Palbociclib is a relatively new targeted therapy with the Palbociclib Clinical Trial Development Program still ongoing, and it is currently the only CDK inhibitor approved for use in the US. Since direct head-to-head comparisons have not been made between palbociclib and chemotherapy agents, the current NMA sought to indirectly compare these therapies. To the best of our knowledge, this is the most up-to-date systematic review and NMA to synthesize data for this population of patients with HR+/HER2− ABC/MBC. Notably, analyses were stratified by first and second line of therapy rather than considering both populations simultaneously, as was done in the NMA by Generali et al. [7]. Combining first- and second-line therapies likely violates the exchangeability assumption [13], whereas the current stratified approach adheres to best practices for the conduct of NMA [9, 21]. This study also adheres to PRISMA reporting guidelines (Online Appendix F) [22]. Thorough sensitivity analyses were conducted and yielded similar findings for both the first and second lines of therapy, providing evidence for the robustness of study results.
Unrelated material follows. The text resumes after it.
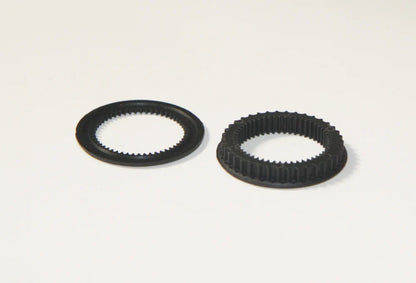 Rhino Racing BELT Pulley for C-LSD — Direct Replacement for Belt Drive Conversions (RR-625)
However, there are a few limitations associated with the analyses employed. Firstly, there is heterogeneity in patient and study characteristics, introduced primarily by the fact that the included studies span several decades. The studies included in our analyses were published between 1992 and 2016, so there is likely some heterogeneity in the diagnostic procedures that were used. Stage migration via technology may result in more patients being diagnosed with advanced stages of disease in more recent trials, which may bias survival rates. However, the structure of the evidence networks limited our ability to adjust for these factors. Despite these issues, considerable effort was taken to account for heterogeneity and inconsistency using best practices [21, 22] and approaches that are analogous to or exceed those employed by other HTA bodies [23, 24]. Various sensitivity analyses were performed, all of which yielded similar findings to the main analyses. Secondly, although analyses were stratified by line of therapy, some connections had to be forced to maintain a connected network. For example, the study by Bachelot et al. [25] was classified as a second-line study, but it was also forced into first-line networks so that chemotherapy agents of interest, such as docetaxel and paclitaxel, could be included. Three studies were also forced into networks based on patient characteristics: Ackland et al. [17], Dixon et al. [19], and Paridaens et al. [18]. Although the study by Dixon et al. [19] is the oldest study included in our analyses, it was also included by Generali et al. [7] and it appears to be the only appropriate trial available that directly compares an endocrine therapy with a chemotherapy. However, only 20–27% of patients in this study were estrogen receptor-positive (ER+), and several key study design characteristics were not reported, including randomization technique, concealment of treatment allocation, or blinding of participants and outcome assessors. Therefore, there is an elevated risk of bias associated with this trial.

Network meta-analyses were also conducted for overall survival; however, these results have been excluded from the current analysis due to immature data in the palbociclib clinical trials.

Conclusions

Palbociclib + letrozole and palbociclib + fulvestrant demonstrate trends in incremental efficacy compared with chemotherapy agents for the first- and second-line treatment of postmenopausal HR+/HER2− ABC/MBC. Both palbociclib combination therapies consistently showed statistically significant improvements in PFS/TTP versus capecitabine and mitoxantrone, and trended toward improvements versus paclitaxel, docetaxel, and other monotherapy or combination chemotherapy agents. Findings from network meta-analyses were robust to sensitivity analyses, lending credibility to the analyses and conclusions.